Newsletter — October 12, 2025

October 12th, 2025

The Weekly Perspective

by Burke Shade, Associate Pastor

By now you are sick of all the Halloween unDecorations, since they celebrate death and grossness and witchcraft and demons, albeit sometimes in a funny way, as in all the Minions in my neighbor’s front yard. You can’t help but chuckle—they are cute and they overcome the tragedy of death comically. But the sadness with all the skeletons is that it is a parody of the resurrection, albeit without bodies and flesh. Leave it to Satan to promise resurrection without skin and flesh and warmth and beauty! No thanks; I’ll take the true resurrection in Christ!

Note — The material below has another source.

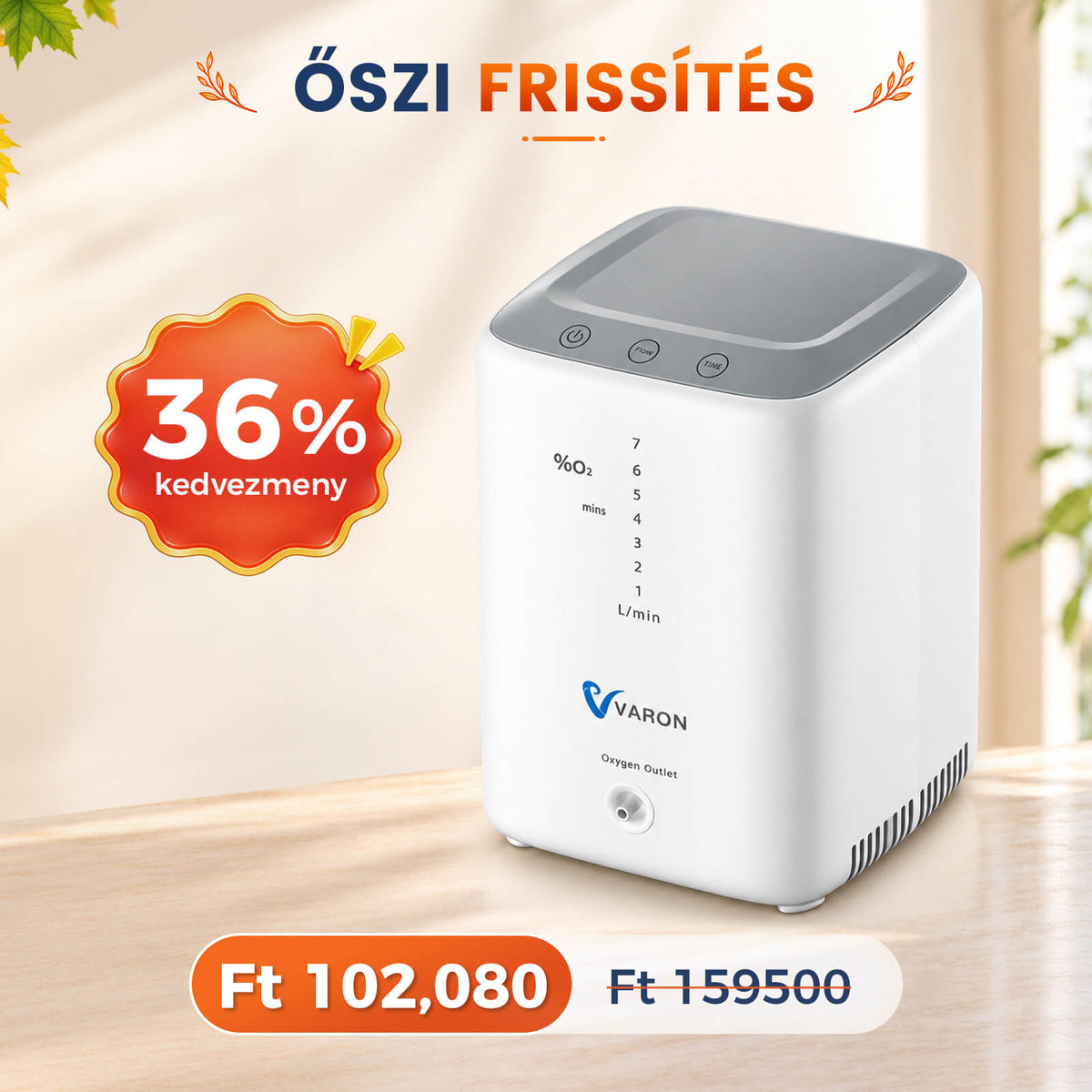 VARON VH-3 Otthoni oxigen koncentrator | 1-7L / perc kényelmes terápia, CE-jóváhagyás
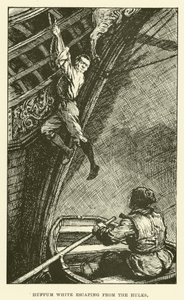 Huffum White Escaping from the Hulks (rytina) od Paul Hardy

Which brings us back to some of Eugen Rosenstock-Huessy’s observations. He notes that in observing a national holiday, say the War of Independence, it “celebrates more than survival: Through the holiday the tragic events, the death involved in the events commemorated, are incorporated into communal life, as we look ‘with condescension’ on our conflicts because we have triumphed over them. Holidays are the mortar of society; the fruit of a holiday’s observance is the rebirth of the community.” Why? Because as we view the painful events of the past, we “see the connection of death with birth, of darkness with light, of heaven with earth.”

He further notes that “the fellowship of a normal group…is the answer to our hunger for rhythm. Without holidays, humans are deprived of the necessary rhythm of time, and suffer psychologically.”

So we, first, ought to be at regular weekly worship; that gives us the Lord’s Day rhythm, from which the rest of the week flows. Secondly, let us remember to invite our family, friends, and neighbors not only to church holiday observances, but also to our homes for coffee, drinks, and sweets, just to fellowship around the holidays. What a privilege to exhibit peace and trust in Jesus to our neighbors so joyfully!